Joseph Morder : J'aimerais partager le printemps avec quelqu'un

Rencontre au cinéma MK2 Beaubourg à Paris, à l'occasion de la projection de son film J'aimerais partager le printemps avec quelqu'un, le 13 mai 2008.

 
   
Le film est projeté au Café des Images à Hérouville-Saint-Clair et au CNP Bellecour à Lyon, depuis le 14 mai.

Propos recueillis par Elise Heymes
13-05-2008  
 
   

Joseph Morder est un cinéaste qui travaille depuis quarante ans la forme du journal filmé sur des supports différents. Il est parmi les tout premiers en France à expérimenter le film au quotidien, à la frontière des genres, entre documentaire et fiction. Il a ainsi réalisé une œuvre gigantesque, puisqu'elle compte pas moins de 800 films environ (super 8, 16 mm, super 16, vidéo, numérique). Sans oublier son premier long métrage de fiction en 35 mm El Cantor sorti en 2006.
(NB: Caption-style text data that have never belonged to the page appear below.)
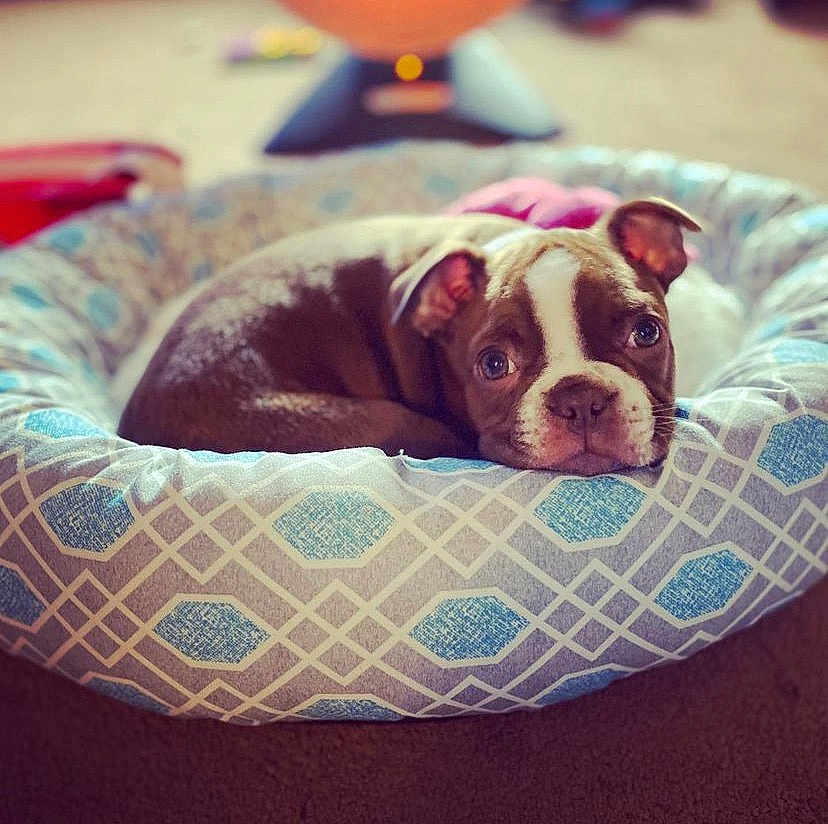 Bruno joined the competition — help win amazing prizes! puppy, dog, pet_bed, resting, cute, brown_and_white, indoor, cozy, patterned_bed, animal, canine, sleepy, young_dog, fur, ears, face, looking, closeup, soft_light, blurred_background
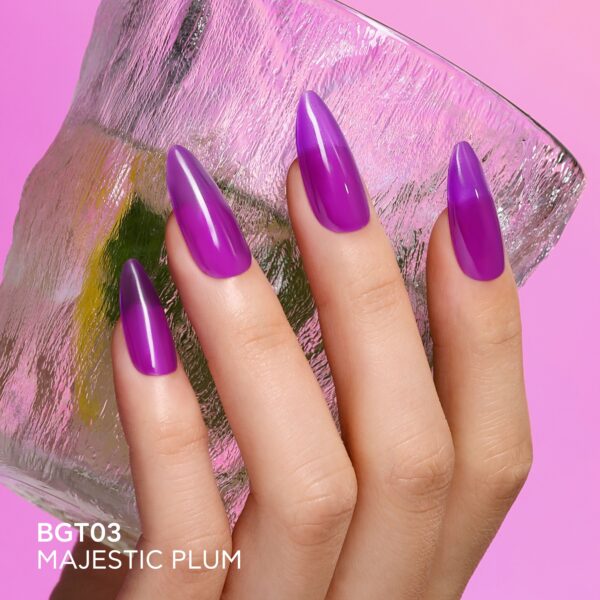 NO WIPE SMART TOP COAT – GLASS – MAJESTIC PLUM TOP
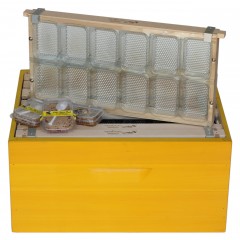 APIBOX HoneyComb system Beehive Accessories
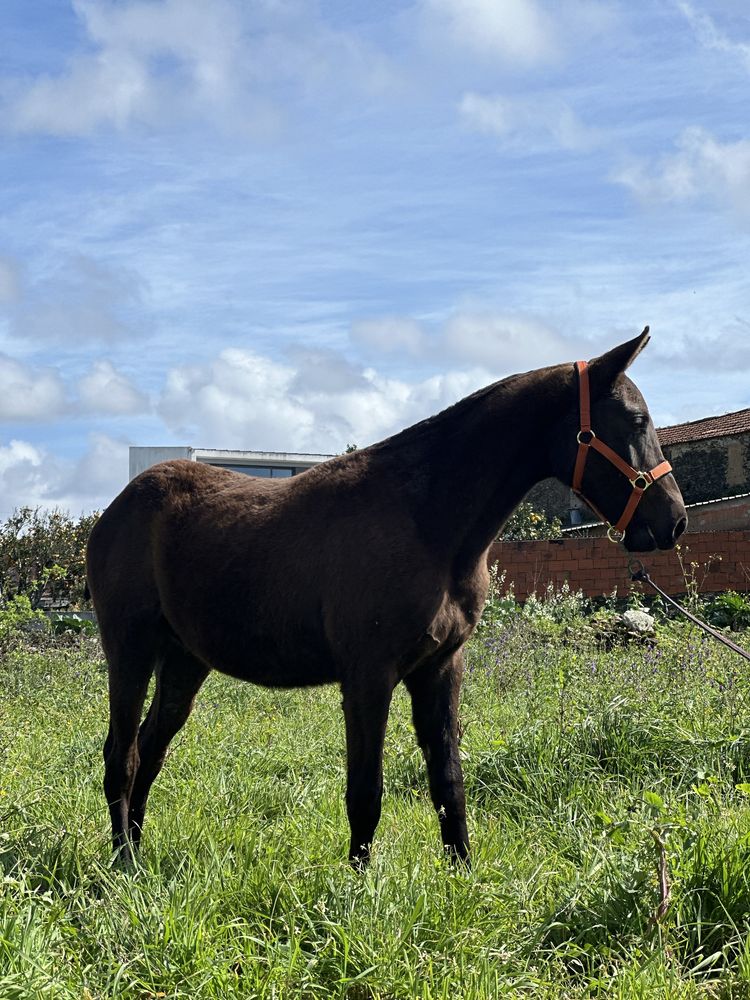 Cavalo luso-arabe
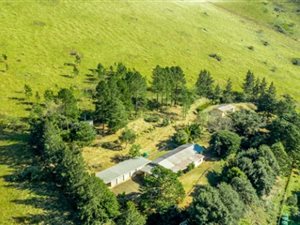 13.5 ha Farm in Manderston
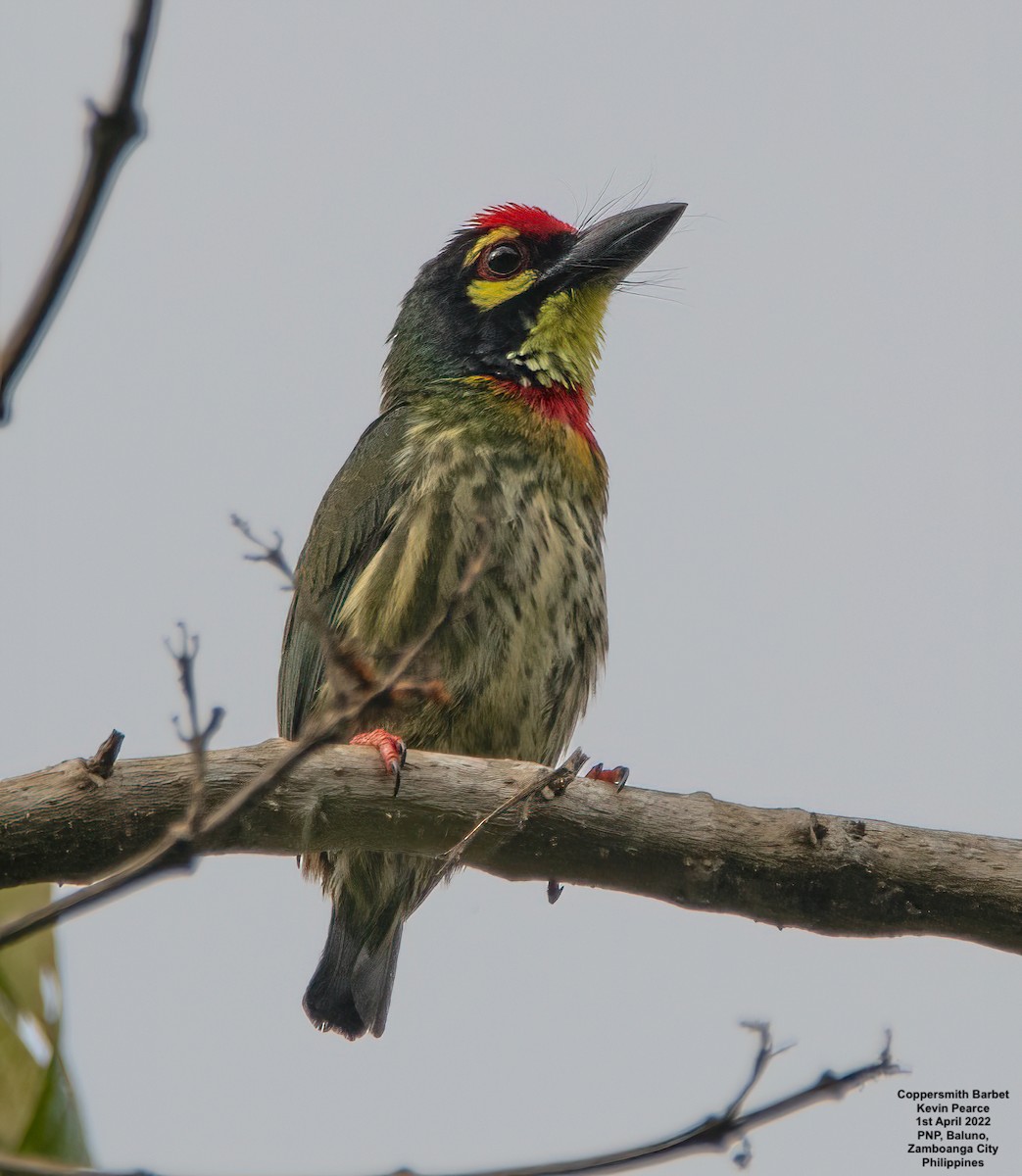 Coppersmith Barbet - Kevin Pearce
Le distributeur, J. – M. Zekri  : Pour commencer, Joseph Morder, pouvez-vous nous raconter la rencontre avec le festival Pocket films, qui est à l'origine de ce projet, afin de recontextualiser cette histoire ?

Joseph Morder  : Le festival Pocket films est un festival qui existe depuis 2005. Il est consacré aux films réalisés avec des téléphones portables. Déjà en 2005, Benoît Labourdette, le responsable du festival, m'avait proposé de faire un court – métrage que j'avais tourné à l'époque et qui s'appelle Insupportable . Je n'avais pas de portable, ça me plaisait donc de faire un film contre les portables. L'année dernière, pour le troisième festival, il m'a de nouveau proposé de faire un film. Je me suis dit que c'était peut-être l'occasion de tenter l'aventure du long. Et comme je tourne depuis une quarantaine d'années un journal filmé, intime, beaucoup en super 8, parfois aussi en numérique, je me suis dit que le genre du journal pourrait convenir à cet outil du téléphone portable. C'est comme ça qu'est né J'aimerais partager le printemps avec quelqu'un . Par coïncidence, c'était une période qui pouvait être intéressante d'un point de vue dramaturgique, puisqu'elle tombait à la fois sur un événement public, les présidentielles et sur des événements personnels.

Une personne dans la salle  : Avez-vous tout monté ou avez-vous fait un choix des séquences ? Vous êtes-vous imposé une règle ?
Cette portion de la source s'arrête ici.